Monday, July 22, 2019

रूह लखनऊ में अटकी है, देख गोमती तर जाएगी

I often ask people in my class, where are they from? For often, it reveals a lot about them. Yes, it may lead to some stereotyping but well, clichés become such because they survive the test of time.

However, at times, I received a puzzling response. People couldn't pin-point because their families shifted a lot. Each such time, I felt a little pity for those because they are rootless ones. They don't belong to anywhere. I wondered and pitied the nomads the same way.

In fact, I read somewhere that when Punjabis shifte to much sought after Canada or UK, they do not sell out the land in their pind (village) for generations because that is where they belong to. That is where their roots are.
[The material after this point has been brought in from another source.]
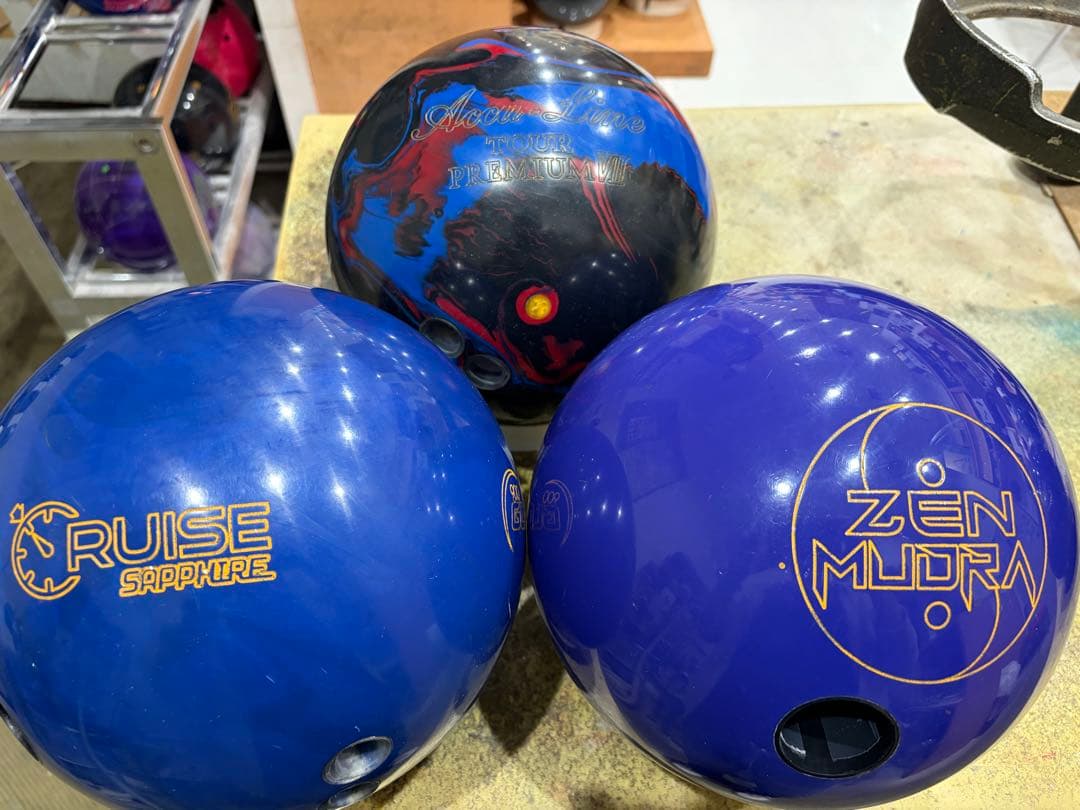 クルーズサファイア他5個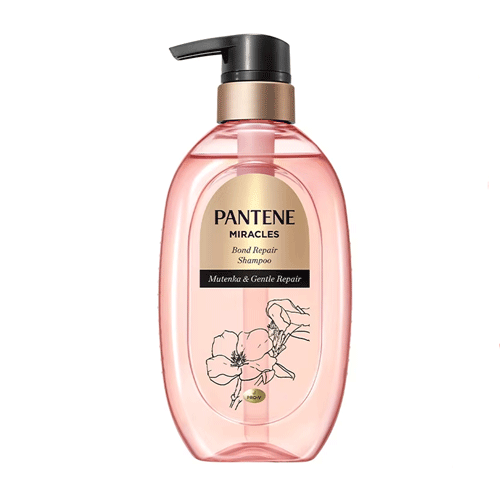 Pantene Miracles Bond Repair Mutenka & Gentle Repair Shampoo 440ml  •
I always have known that I belong to Lucknow and Lucknow belongs to me. Although, for a long while, I've felt a bit irritated with the place and somewhat disconnected too because all my friends have shifted away, home is shifted to a new one, and city has also gone on without me. But something more happened today.
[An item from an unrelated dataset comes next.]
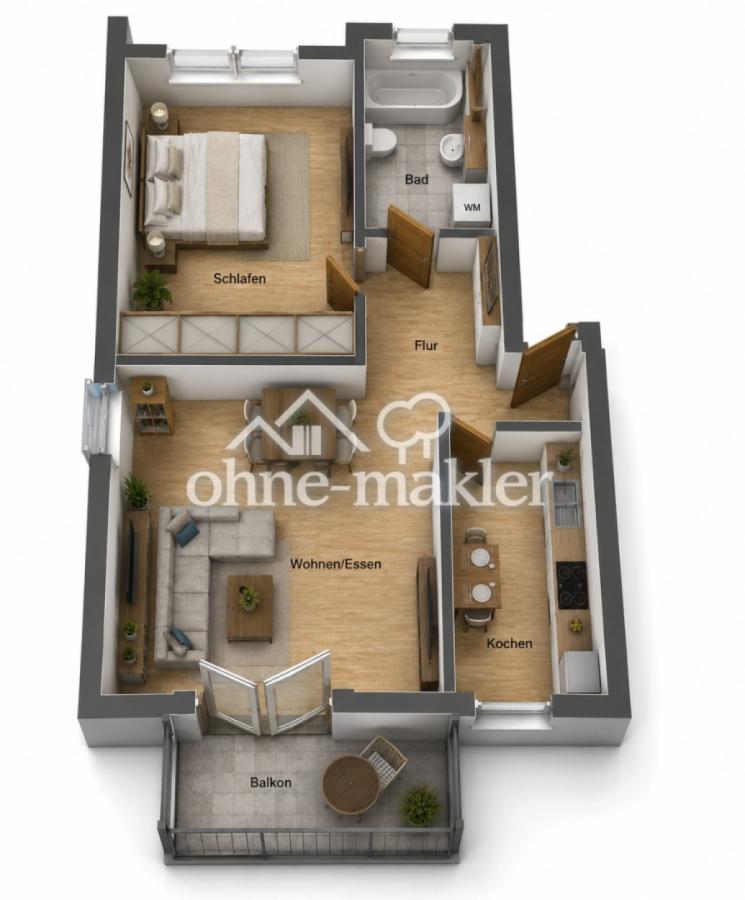 Grundriss D3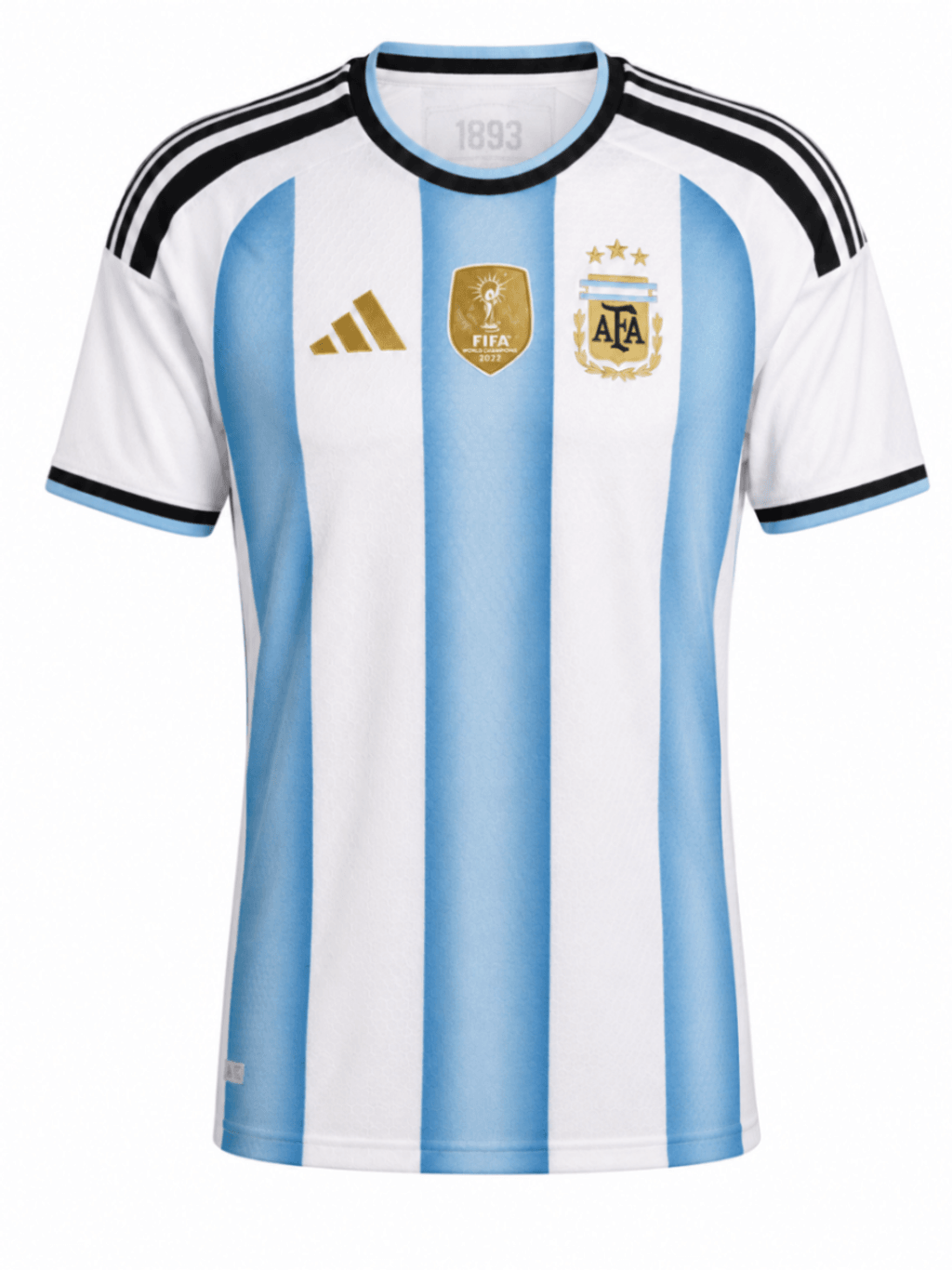 Camiseta original ARGENTINA 2026 casa versión fan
Someone asked for some antique shops in Lucknow and I couldn't recall anything. Someone asked for some routes and I couldn't recall anything. In that moment, I understood what those Punjabis would have felt when they sold off the land in their pind. In that moment, I didn't know where do I belong to. In that moment, I felt that tremor of rootlessness.

P.S. - it doesn't matter where and how it happens but when I die, I want to be cremated beside Gomti because no matter where I live... that is where I belong. That is where I have always belonged to.

Monday, July 15, 2019

दिया दूर नहीं जात

I may have told you earlier, maybe somewhere on this blog or some day in thoughts... that I often live my life by simple adages... some simple rules or some simple ideas to live by. One of which is this - दिया दूर नहीं जात ! The full couplet (दोहा) from Bihari (बिहारी) is as follows:

ऋतु वसन्त जाचक भया, हरस दिए द्रुम पात 
ताते नव-पल्लव भया, दिया दूर नहीं जात। 

It means - when the season of spring comes as a vagrant, the tree parts with (as if donates) its yellow leaves with glee. As a result of this largesse, the tree gets new leaves when spring comes in full glory. So whatever you give doesn't go away from you, it comes back.
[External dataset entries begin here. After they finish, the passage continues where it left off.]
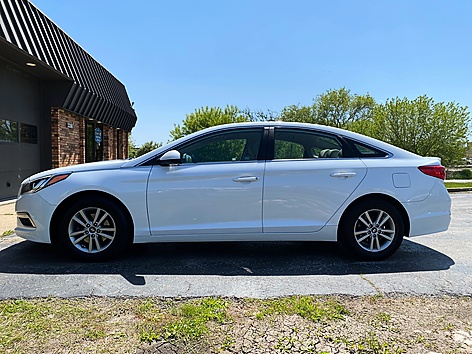 2015 Hyundai Sonata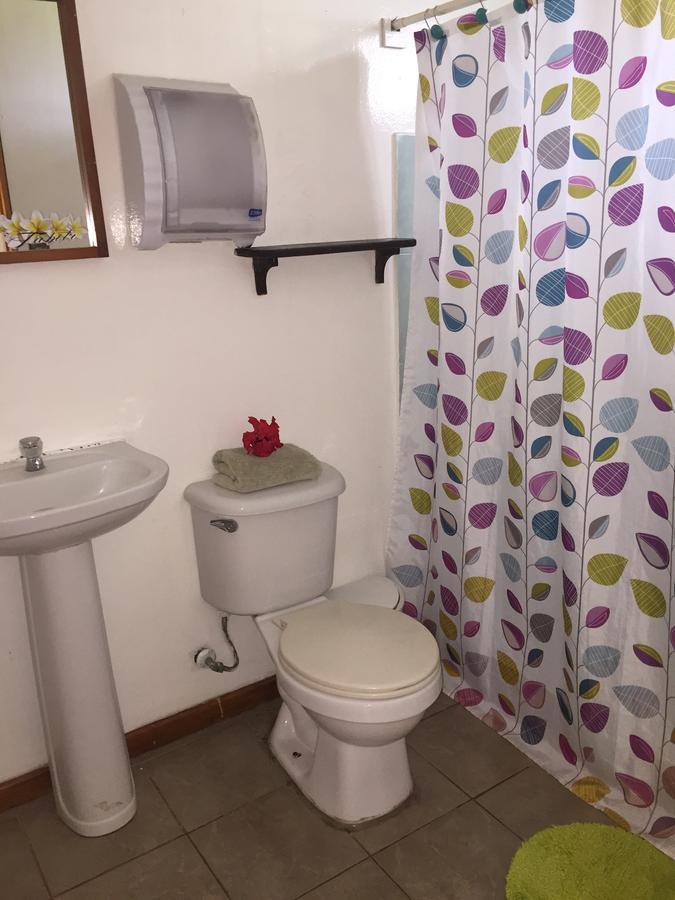 הנגה רואה Cabanas Hinariru Nui מראה חיצוני תמונה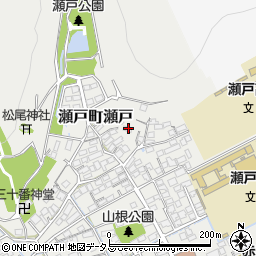 岡山県岡山市東区瀬戸町瀬戸479周辺の地図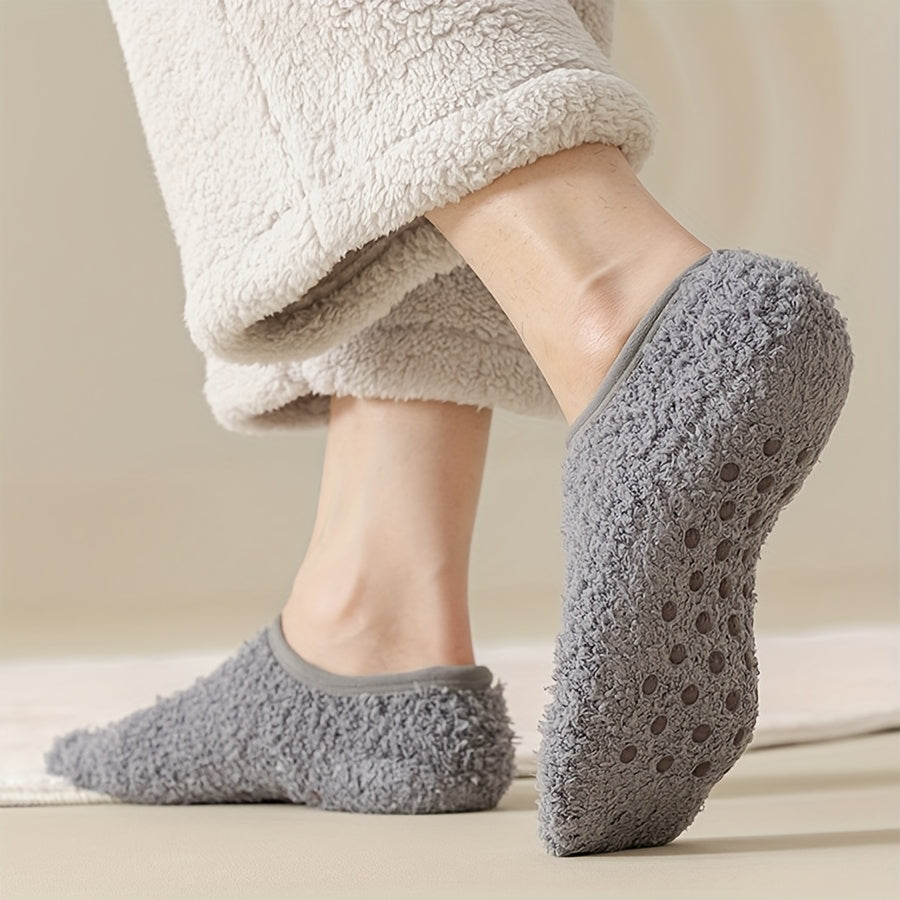 Loft Fleece Sock Set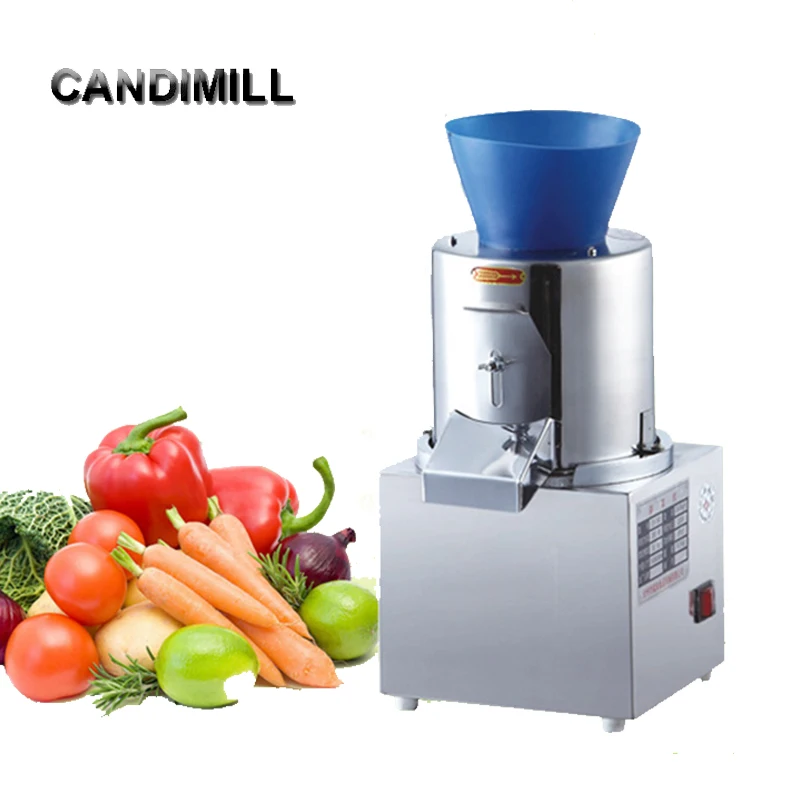 CANDIMILL Multi-function Vegetable Chopper Electric Cutter Dumpling Stuffing Ginger Onion Cabbage Grinder Food Processor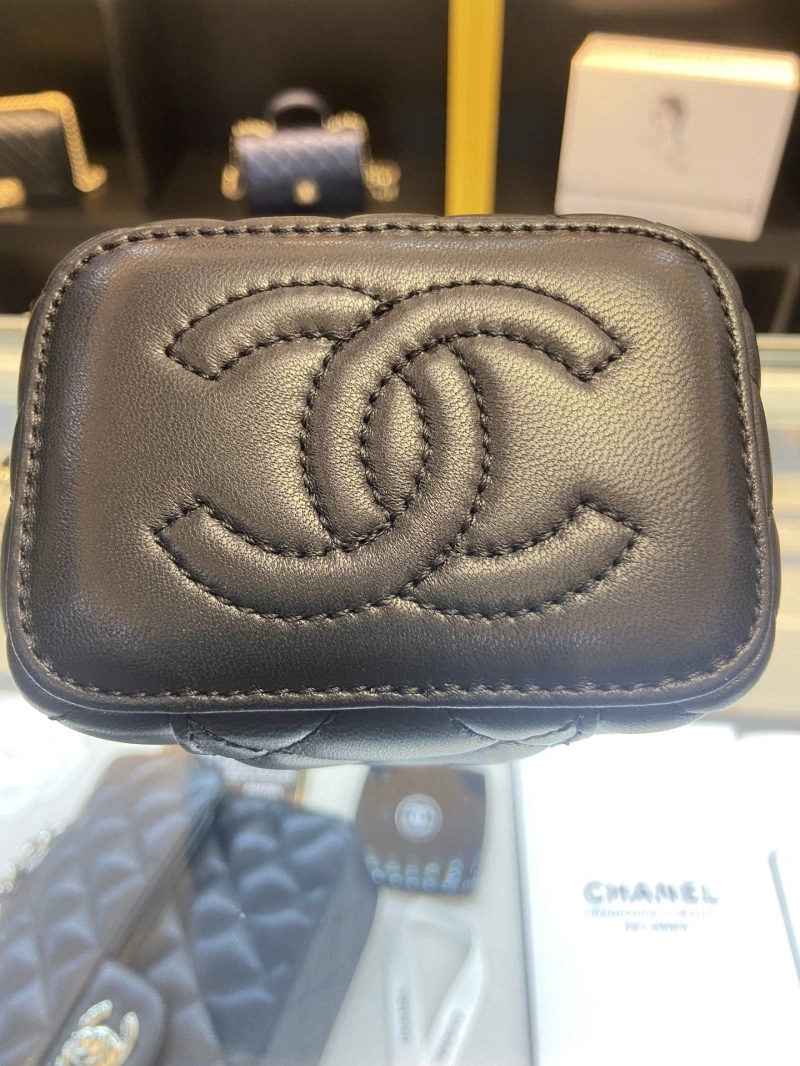 Ch**el satchel bags 4017-0819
It is this last phrase - whatever you give doesn't go away from you, it comes back - that has often stopped me from doing wrong and often inspired me to be the better person than I would have been otherwise. So why this sudden recall? Well, on one of my worst professional days' morning, when nothing was moving and old despairs were haunting back, someone knocks on my room. That someone just wanted to say thanks and a few good words for what I had done for that someone a while back. While there was no expectation of any thanks when I guided that someone, it felt good to know that I have not totally wasted my time here.

If you noticed, I may have told you earlier, maybe somewhere on this blog or some day in thoughts, that before I die, I just want to make some positive changes in the world... well, if not for everyone like a superhero, at least for some individual's worlds! And when I finally die, I just want to leave in peace, leaving people with a thought that he was a good man, not totally in vain.

In that moment, that day, I although smiled but I almost cried somewhere deep inside... for in that moment, I knew that I have not lived in vain. For in that moment, you see, whatever I had given, came back to me!